The energetic hinterland of Greece is facing the task of another dramatic transition. The decarbonization process to reach a net-zero emission economy by mid-century requires a significant economic transformation. The Greek government plans to withdraw all lignite plants by 2028, with the majority of units being withdrawn by 2023.[31] 31 - Hellenic Republic. Ministry of the Environment and Energy. National Energy and Climate Plan. European Commission, Athens, 2019. This would be 25 years earlier than the lignite industry anticipated based on the natural reserves of the Ptolemaida basin. Long-term dependence on extraction, lack of diversification, as well as the stagnation of other branches are creating a threat of losing thousands of jobs in the coming years. Due to political acts, the low-value, degraded landscape will suffer another socio-economic impact, which will surely influence local communities. It is estimated that the delignification will result in a decline of GDP by 26%, a loss of 2100 jobs, and an employment reduction of 24%. The total income loss for the years 2013-2028 will reach €9 billion.[32] 32 - Francis Pavloudakiset al., “Sustainable Rehabilitation of Surface Coal Mining Areas: The Case of Greek Lignite Mines.” Energies 13, no. 15 (2020).

Fig. 7. Employment and GDP (€ million) in W. Macedonia

The strategic direction of the current transition plans requires the backing of transforming and differentiating the economic sectors. West Macedonia will partially remain an energetic landscape, replacing lignite with solar farms and hydrogen production facilities. Additionally, the area will be supported by a more diverse industry involving battery production, the return of agricultural production, and the development of sustainable tourism.
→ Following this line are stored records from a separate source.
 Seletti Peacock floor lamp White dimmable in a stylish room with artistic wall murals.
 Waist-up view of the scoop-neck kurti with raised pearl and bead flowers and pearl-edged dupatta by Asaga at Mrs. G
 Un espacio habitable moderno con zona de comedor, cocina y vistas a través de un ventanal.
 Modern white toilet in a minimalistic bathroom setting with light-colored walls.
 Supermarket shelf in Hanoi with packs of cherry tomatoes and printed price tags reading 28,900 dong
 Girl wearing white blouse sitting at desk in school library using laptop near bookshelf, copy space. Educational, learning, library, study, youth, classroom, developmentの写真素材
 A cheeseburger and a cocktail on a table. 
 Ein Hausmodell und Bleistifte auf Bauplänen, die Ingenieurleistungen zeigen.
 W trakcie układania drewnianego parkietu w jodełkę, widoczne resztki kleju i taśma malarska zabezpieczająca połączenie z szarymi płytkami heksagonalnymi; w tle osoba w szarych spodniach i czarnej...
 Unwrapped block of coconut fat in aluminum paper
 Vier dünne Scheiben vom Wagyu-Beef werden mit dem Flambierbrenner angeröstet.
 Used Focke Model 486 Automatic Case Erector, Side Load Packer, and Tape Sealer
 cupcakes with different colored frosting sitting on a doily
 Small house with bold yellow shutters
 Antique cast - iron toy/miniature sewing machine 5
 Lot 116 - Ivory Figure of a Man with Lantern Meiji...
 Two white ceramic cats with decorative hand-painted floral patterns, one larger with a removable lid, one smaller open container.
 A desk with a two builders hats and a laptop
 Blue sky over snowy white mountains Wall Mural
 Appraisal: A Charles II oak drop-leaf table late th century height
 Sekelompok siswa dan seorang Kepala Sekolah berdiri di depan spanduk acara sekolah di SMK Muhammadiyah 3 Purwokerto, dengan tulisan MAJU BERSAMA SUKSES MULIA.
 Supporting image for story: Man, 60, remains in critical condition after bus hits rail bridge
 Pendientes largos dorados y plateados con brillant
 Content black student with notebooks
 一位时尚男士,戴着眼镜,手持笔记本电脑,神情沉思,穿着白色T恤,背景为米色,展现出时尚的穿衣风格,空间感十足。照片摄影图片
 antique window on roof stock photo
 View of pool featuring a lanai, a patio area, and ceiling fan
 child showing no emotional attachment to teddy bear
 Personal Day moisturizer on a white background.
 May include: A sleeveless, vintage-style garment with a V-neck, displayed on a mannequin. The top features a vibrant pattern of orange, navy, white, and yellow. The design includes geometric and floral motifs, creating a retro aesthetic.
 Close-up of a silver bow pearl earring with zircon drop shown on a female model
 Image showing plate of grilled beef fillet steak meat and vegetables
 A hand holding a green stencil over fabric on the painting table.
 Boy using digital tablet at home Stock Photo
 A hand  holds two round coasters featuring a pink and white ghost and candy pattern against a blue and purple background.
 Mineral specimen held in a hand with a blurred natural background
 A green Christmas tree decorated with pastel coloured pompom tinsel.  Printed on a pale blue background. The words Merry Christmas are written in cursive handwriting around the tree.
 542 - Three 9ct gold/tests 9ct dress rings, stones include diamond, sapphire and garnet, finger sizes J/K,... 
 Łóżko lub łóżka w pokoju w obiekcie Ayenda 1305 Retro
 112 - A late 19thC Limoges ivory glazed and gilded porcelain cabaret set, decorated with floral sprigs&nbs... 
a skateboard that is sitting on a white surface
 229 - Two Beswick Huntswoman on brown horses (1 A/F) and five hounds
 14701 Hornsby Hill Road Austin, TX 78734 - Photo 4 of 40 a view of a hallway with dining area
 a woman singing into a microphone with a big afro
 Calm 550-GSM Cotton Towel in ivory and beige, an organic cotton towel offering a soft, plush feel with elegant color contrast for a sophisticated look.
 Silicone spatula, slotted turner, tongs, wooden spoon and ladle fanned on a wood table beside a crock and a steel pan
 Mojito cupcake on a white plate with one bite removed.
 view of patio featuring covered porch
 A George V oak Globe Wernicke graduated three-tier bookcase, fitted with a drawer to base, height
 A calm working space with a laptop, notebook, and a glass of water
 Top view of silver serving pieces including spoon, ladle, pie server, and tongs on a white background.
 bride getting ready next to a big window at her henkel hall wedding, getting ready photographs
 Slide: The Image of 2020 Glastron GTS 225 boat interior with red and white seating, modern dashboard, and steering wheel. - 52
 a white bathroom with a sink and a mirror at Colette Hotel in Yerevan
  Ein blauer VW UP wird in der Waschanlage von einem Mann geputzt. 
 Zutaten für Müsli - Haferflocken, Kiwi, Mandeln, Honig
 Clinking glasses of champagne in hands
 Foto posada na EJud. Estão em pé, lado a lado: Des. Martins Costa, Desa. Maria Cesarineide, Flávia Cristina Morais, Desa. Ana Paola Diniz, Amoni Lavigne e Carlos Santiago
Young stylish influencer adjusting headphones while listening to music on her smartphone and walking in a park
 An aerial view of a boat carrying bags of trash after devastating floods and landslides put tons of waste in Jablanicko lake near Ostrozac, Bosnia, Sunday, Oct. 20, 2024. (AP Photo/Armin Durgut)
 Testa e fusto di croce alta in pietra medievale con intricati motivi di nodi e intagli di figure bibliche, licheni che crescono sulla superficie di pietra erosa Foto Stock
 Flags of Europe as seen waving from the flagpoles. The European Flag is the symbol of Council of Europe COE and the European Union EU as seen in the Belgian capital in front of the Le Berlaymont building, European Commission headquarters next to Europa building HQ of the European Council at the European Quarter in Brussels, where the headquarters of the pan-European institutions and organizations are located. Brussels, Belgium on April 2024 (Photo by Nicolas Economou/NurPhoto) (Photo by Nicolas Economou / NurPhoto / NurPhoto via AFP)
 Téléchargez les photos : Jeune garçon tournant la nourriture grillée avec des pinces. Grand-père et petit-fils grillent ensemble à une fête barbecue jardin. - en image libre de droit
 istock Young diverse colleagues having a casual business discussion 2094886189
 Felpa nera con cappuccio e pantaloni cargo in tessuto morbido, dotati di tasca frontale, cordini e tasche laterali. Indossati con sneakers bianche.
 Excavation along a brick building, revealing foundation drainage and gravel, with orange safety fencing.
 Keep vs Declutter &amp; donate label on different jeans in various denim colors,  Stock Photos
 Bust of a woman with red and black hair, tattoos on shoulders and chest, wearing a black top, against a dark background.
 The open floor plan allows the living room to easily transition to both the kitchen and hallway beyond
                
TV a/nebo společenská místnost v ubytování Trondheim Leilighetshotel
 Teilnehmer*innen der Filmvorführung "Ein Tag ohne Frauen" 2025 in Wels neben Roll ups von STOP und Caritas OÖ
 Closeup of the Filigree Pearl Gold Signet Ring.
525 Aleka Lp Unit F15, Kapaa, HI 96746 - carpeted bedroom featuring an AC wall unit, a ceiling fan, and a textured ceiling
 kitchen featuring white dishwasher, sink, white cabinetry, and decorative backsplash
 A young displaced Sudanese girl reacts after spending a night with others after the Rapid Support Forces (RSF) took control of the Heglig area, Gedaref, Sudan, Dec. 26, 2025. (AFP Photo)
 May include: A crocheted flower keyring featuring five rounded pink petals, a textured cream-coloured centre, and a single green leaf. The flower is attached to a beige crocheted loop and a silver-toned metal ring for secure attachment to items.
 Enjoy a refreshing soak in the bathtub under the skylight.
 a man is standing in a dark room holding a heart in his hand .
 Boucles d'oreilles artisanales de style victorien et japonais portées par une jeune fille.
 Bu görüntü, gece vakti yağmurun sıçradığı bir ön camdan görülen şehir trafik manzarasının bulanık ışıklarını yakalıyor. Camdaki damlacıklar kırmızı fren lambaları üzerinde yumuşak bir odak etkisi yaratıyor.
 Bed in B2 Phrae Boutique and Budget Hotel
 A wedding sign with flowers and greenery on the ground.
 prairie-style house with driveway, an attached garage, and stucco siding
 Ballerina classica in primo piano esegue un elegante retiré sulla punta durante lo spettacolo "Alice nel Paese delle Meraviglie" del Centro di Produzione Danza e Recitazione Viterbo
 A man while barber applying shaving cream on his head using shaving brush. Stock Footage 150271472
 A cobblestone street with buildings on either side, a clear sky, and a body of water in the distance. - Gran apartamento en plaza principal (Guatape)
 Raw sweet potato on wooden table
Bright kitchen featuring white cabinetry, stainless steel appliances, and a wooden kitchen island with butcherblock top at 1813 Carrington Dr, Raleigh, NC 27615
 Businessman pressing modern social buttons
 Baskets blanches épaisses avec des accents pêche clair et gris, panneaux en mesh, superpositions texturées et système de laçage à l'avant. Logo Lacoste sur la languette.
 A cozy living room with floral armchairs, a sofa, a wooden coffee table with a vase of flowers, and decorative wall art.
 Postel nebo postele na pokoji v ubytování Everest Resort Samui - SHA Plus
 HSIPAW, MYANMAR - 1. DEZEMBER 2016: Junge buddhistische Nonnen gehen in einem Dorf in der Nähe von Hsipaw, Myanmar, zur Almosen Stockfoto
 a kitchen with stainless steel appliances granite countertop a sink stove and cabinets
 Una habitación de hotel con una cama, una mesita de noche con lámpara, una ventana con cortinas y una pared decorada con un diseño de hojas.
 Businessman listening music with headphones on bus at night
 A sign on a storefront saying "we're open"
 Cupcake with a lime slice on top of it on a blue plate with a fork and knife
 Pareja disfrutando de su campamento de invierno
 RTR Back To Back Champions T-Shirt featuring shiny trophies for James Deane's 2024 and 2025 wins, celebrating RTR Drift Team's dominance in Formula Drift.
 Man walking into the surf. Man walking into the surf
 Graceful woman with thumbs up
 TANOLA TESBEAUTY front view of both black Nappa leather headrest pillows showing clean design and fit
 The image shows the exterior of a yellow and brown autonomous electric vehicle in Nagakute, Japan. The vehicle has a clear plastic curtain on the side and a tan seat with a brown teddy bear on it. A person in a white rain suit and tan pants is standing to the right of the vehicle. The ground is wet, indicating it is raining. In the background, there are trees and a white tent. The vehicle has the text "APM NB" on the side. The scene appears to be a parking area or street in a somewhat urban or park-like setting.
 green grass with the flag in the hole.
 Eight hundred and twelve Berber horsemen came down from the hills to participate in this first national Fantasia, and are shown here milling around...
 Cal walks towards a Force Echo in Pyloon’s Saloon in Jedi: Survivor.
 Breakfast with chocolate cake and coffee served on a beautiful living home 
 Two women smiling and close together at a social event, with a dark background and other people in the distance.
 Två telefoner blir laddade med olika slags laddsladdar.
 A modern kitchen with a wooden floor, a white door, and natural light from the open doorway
Even though often rendered obsolete, infrastructure systems are still needed. However, the case of Western Macedonia proves that capitalistic approaches of separation of industries to maximize profit are dangerous for the future existence of the hinterlands. Profit-oriented, monofunctional systems have proven to create destructive relations between cities and non-cities. Instead, a new system is required, operating in synergy with different economies and ecologies. Referring to existing knowledge, hinterlands require a new model, with a variety of different, smaller activities. The landscape ‘needs to be reformed as a system of essential resources, services, and agents that generate and support urban economies’.[33] 33 - Francis Pavloudakiset al., “Sustainable Rehabilitation of Surface Coal Mining Areas: The Case of Greek Lignite Mines.” Energies 13, no. 15 (2020).